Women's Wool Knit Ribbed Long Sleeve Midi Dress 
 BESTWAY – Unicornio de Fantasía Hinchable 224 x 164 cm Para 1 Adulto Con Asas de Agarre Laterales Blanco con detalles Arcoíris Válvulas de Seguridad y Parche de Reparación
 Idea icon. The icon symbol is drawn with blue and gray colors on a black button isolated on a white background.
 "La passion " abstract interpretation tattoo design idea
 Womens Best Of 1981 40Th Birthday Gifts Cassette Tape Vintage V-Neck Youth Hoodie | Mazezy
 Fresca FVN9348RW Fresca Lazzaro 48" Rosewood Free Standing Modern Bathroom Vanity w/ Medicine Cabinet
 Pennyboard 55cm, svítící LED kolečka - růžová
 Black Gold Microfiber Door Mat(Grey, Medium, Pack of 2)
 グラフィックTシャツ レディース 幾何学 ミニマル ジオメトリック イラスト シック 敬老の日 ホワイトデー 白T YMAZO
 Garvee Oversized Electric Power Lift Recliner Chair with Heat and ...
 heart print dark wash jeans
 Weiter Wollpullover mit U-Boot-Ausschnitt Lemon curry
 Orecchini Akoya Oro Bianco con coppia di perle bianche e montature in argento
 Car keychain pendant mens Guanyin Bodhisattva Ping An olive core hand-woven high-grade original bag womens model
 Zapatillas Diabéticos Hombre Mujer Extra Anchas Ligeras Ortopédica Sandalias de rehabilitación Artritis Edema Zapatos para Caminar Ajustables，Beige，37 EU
┄┄┄┄┄┄
Every line that holds the string "with" must be copied from the records above.

 Idea icon. The icon symbol is drawn with blue and gray colors on a black button isolated on a white background.
 Garvee Oversized Electric Power Lift Recliner Chair with Heat and ...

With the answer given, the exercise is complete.